By varying the number of parallel spins over the interval $0 \leq N_0 \leq N$ one obtains a discrete set of points $(U(N,N_0),S_{\text{B}}(N,N_0))$ that define the Boltzmann entropy as a function of the internal energy. A complication arises here since the notions of convexity and concavity used above are only defined for functions of continuous domains, while the entropy is only defined for a discrete domain of energy values. However, extending the Boltmann entropy function through interpolation circumvents this problem. (Alternatively, a fully quantum mechanical treatment using the von Neumann entropy also circumvents this problem, without resolving the underlying failure of the thermodynamic postulates.) The underlying problem is instead that the Boltzmann entropy $S_{\text{B}}(U)$ is not an increasing function of the internal energy, in contradiction with Postulate 3(iii). Plotting the points $(U(N,N_0),S_{\text{B}}(N,N_0))$, as done on the left in the figure below for the case $N = 100$, reveals that the Boltzmann entropy reaches a maximum at zero internal energy, and decreases as the internal energy is increased further. Plots of Boltzmann entropy (left), coldness (middle), and temperature (right) as functions of the spin chain internal energy. Arbitrary units.
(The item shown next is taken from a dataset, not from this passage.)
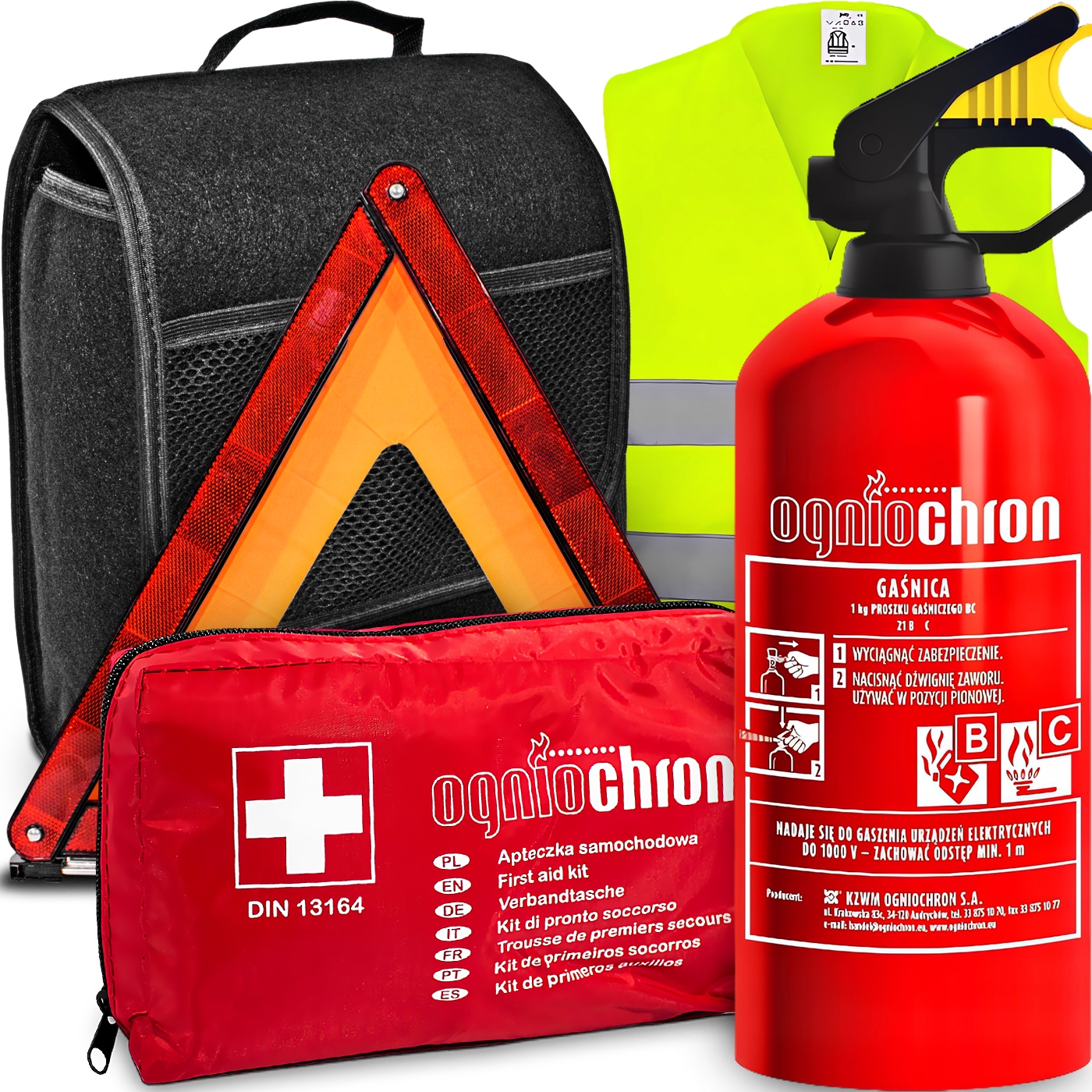 Agmi Sada Hasicí Přístroj 1 Kg Lékárnička DIN13164 Trojúhelníková Vesta Taška Do Auta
The slope at different points on the entropy curve is the coldness $\beta = 1/T$ of the system, defined as the inverse temperature. At the maximum of the entropy, the coldness passes zero, and the temperature tends to infinity. When the maximum is approach from the left, the temperature tends towards $+\infty$ and the spin chain becomes infinitely hot! For positive values of the internal energy the temperature is negative and as the maximum is approached from the left the temperature tends towards $-\infty$. It is easier to think of this in terms of coldness, which decreases monotonically with increasing internal energy. Thus, a higher internal energy also corresponds to a lower coldness, i.e. a hotter system. In a sense, $T\to 0^-$ is the hottest of all temperature limits, $T\to -\infty$ is a colder limit that nevertheless is hotter than any positive temperature. Heat spontaneously flows from a system with negative temperature to any system with positive temperature and the negative temperature states that occur for $U > 0$ are perhaps best thought of as some kind of pseudo-equilibrium states, rather than true equilibrium states.

The non-monotonicity of the Boltmann entropy for the spin chain also means that the maximum entropy principle cannot be equivalently reexpressed as a minimum internal energy principle.